[Start of Attachment]

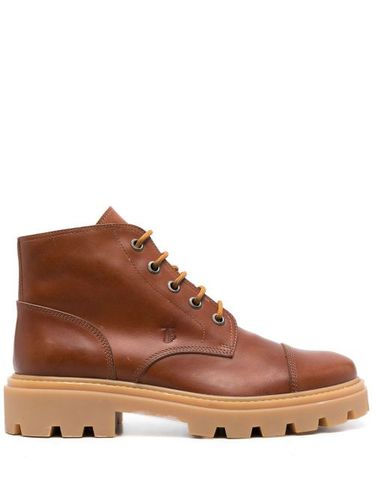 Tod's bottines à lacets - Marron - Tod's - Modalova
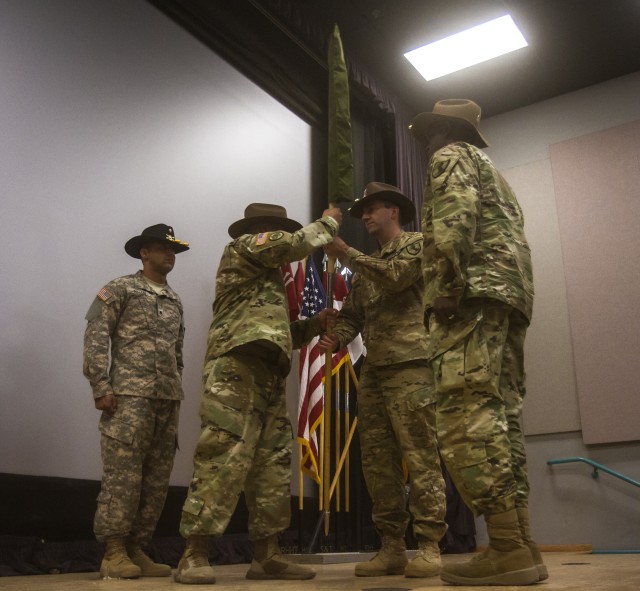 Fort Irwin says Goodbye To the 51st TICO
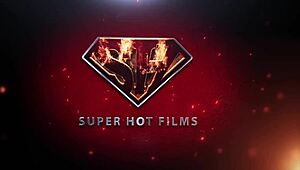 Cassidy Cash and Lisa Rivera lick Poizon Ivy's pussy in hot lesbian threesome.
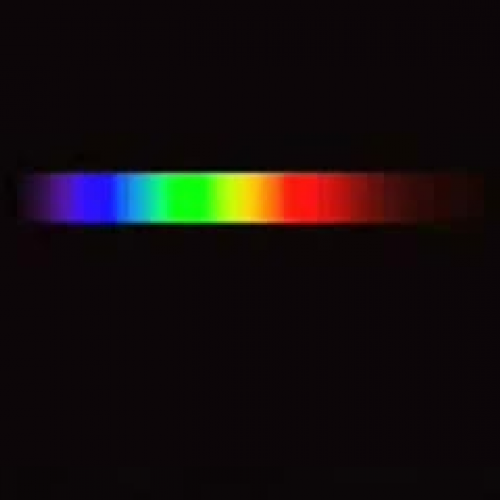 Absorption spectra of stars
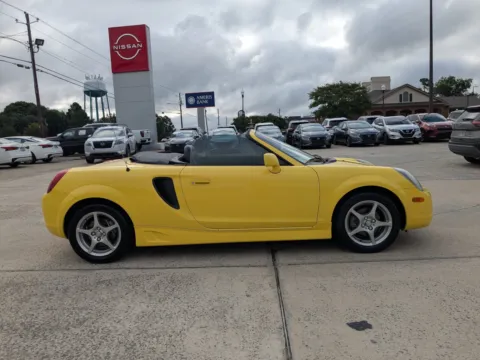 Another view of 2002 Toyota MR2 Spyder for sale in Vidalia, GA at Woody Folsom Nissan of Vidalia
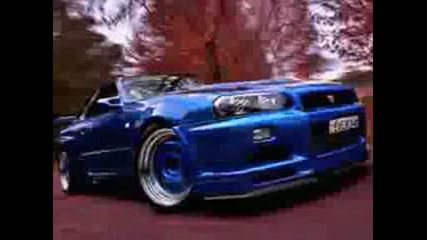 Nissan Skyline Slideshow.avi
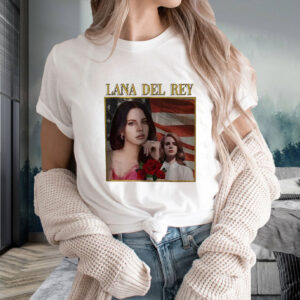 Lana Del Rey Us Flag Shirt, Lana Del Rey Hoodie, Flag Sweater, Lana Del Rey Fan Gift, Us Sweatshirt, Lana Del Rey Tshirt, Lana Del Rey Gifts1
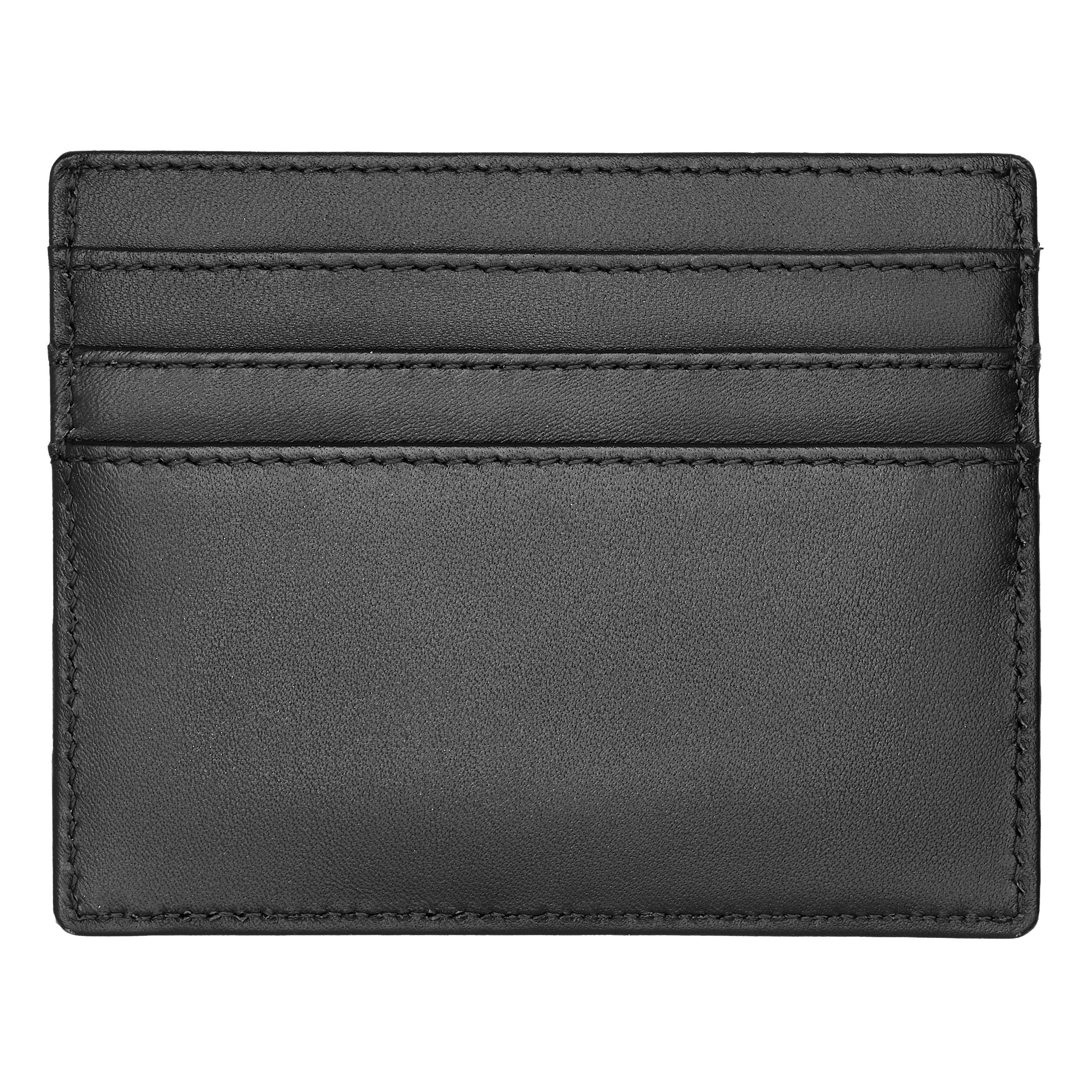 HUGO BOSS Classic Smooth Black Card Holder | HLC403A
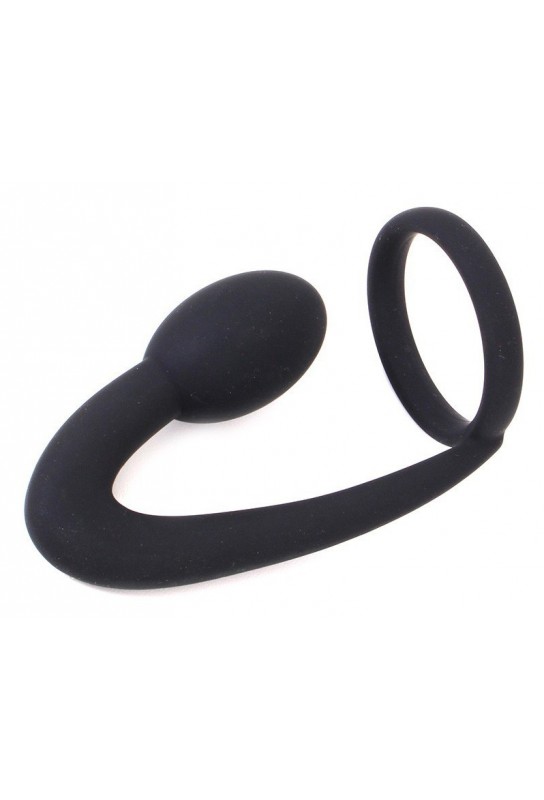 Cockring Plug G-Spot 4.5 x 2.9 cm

[End of Attachment]

◆ **AIM OF THE TASK**
Please restate word for word the lines above, starting with the line that holds "HUGO BOSS Classic" and ending with the final line of the records, while leaving out pictures.

◆ **RESPONSE AREA**
 HUGO BOSS Classic Smooth Black Card Holder | HLC403A
 Cockring Plug G-Spot 4.5 x 2.9 cm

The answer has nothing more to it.